Nothing about mortgage boiler rooms and CDO factories there, no matter how carefully you read.
Finally, if reader inattention is really the problem, then what’s an appropriate policy response—mandatory exams on “Personal Journal” stories? But would the jump be included on the final? My pet idea is to pipe Squawk Box into people’s homes 24/7, with no turning it off, à la North Korea. If we’re nationalizing everything, we might as well go all the way, right?

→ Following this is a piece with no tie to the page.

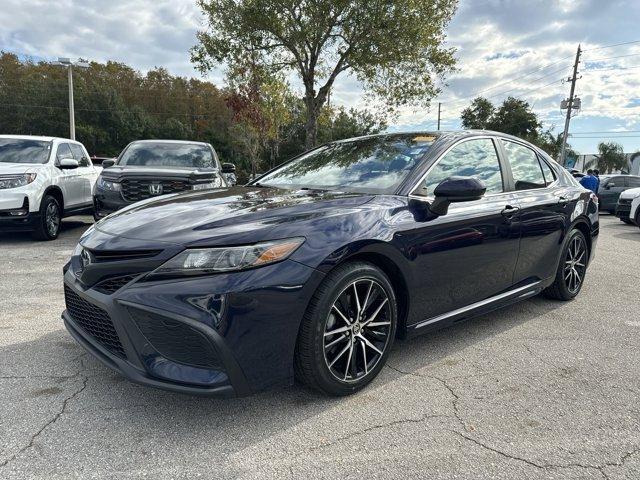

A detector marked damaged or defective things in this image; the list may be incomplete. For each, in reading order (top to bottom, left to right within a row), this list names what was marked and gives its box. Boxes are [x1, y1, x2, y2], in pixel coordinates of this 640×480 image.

cracked asphalt [1, 216, 640, 478]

I’d say a better approach in the wake of this disaster is to reflect on why all these “warnings” went “unheeded” and failed to penetrate the thick skulls of Pick-a-Pay Nation. Alas, the business press does not appear to be in a reflective mood. But, business press, as Jimmy Cayne might say, it’s not about you. It’s all about us. We citizens, like it or not, rely on journalists to provide word of rampant wrongdoing, and now we find ourselves well beyond the worst of all worst-case scenarios, caused, by general consensus, to an overwhelming degree by this most central of business-press beats: finance. We need to learn the lessons of the past eight years or so, even if the press doesn’t want to go along, and re-examine, from top to bottom, all the firewalls that were supposedly designed to protect us from precisely the financial catastrophe that has just occurred. These firewalls start with risk managers, officers, directors, etc., within the financial institutions, then extend outward to accounting firms, rating agencies, regulators, and yes, journalists.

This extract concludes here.